I agree, but my question is: in practice isn’t this still at least a little bit less dangerous than the unbounded agent? An unbounded utility maximizer, given most goals I can think of, will probably accept a 1% chance of taking over the world because the payoff of turning the earth into stamps is so large. Whereas if the bounded utility maximizer is not quite omnipotent and is only mulliganing essentially tiny increases in their certainty, and finds that their best grand and complicated plan to take over the world is only ~99.9% successful, it may not be worth the extra 1e-9 utility increase.
It’s also not clear that giving the bounded agent more firepower or making it more intelligent monotonically increases P(doom); maybe it comes up with a takeover plan that is >99.9% successful, but maybe its better reasoning abilities also allow it to increase its initial confidence that it has the correct number of stamps, and thus prefer safer strategies even more highly.

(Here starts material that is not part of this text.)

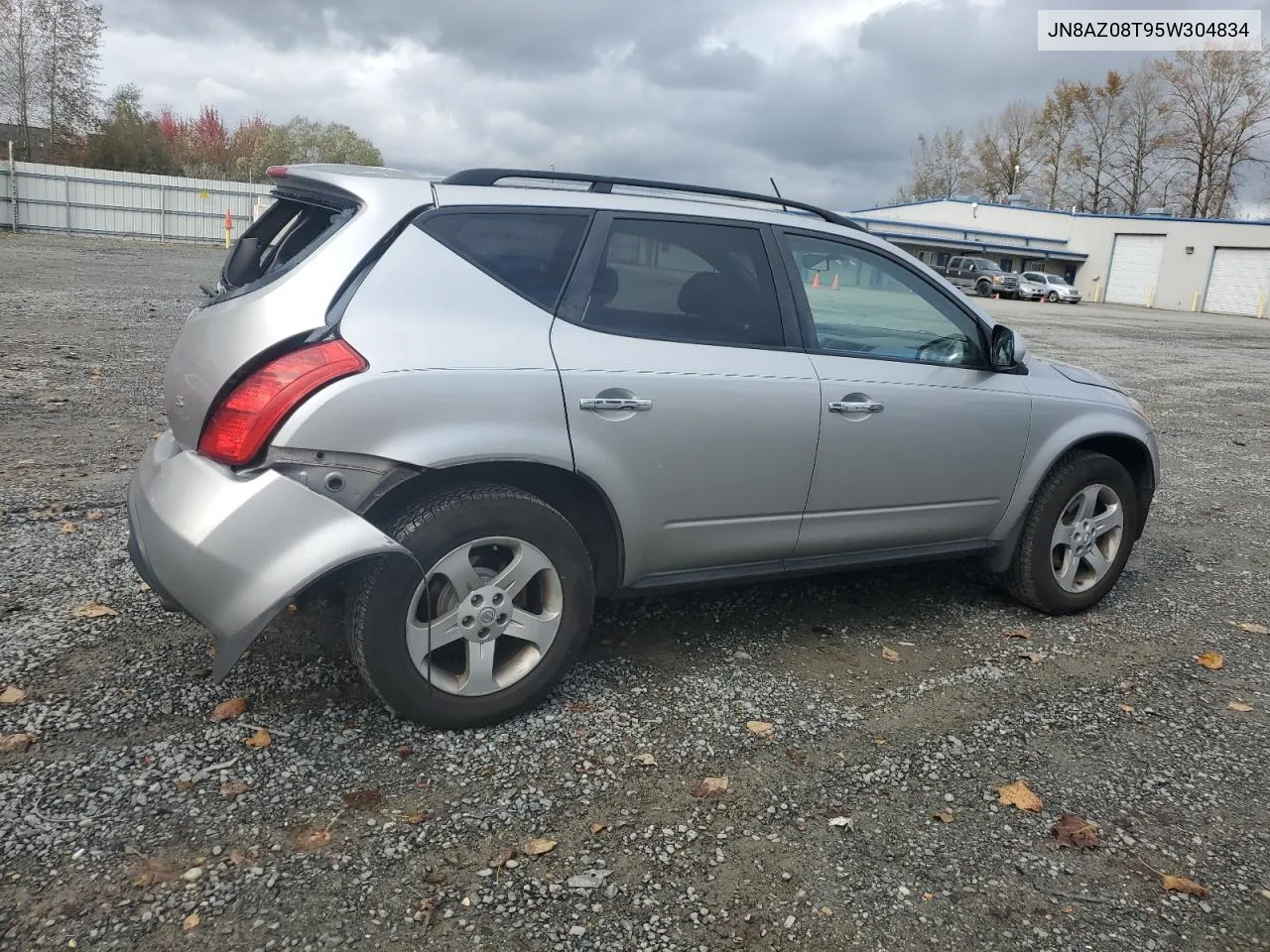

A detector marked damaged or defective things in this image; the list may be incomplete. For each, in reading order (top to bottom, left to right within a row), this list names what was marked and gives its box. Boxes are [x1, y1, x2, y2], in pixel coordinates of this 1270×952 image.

Perhaps my intuition that world takeover plans are necessarily complicated and fragile compared to small scale stamp rechecking is wrong, but it seems like at least for a lot of intelligence levels between Human and God, the stamp collecting device would be sufficiently discouraged by the existence of adversarial humans that might precommit to a strategy of countervalue targeting in the case of failed attempts at world conquering.
I have another question about bounded agents: how would they behave if the expected utility were capped rather than the raw value of the utility? Past a certain point, an AI with a bounded expected utility wouldn’t have an incentive to act in extreme ways to achieve small increases in the expected value of its utility function. But are there still ways in which an AI with a bounded expected utility could be incentivized to restructure the physical world on a massive scale?
This is a satisficer and Rob Miles talks about it in the video.
It’s not clear to me why a satisficer would modify itself to become a maximizer when it could instead just hardcode expected utility=MAXINT. Hardcoding expected utility=MAXINT would result in a higher expected utility while also having a shorter description length.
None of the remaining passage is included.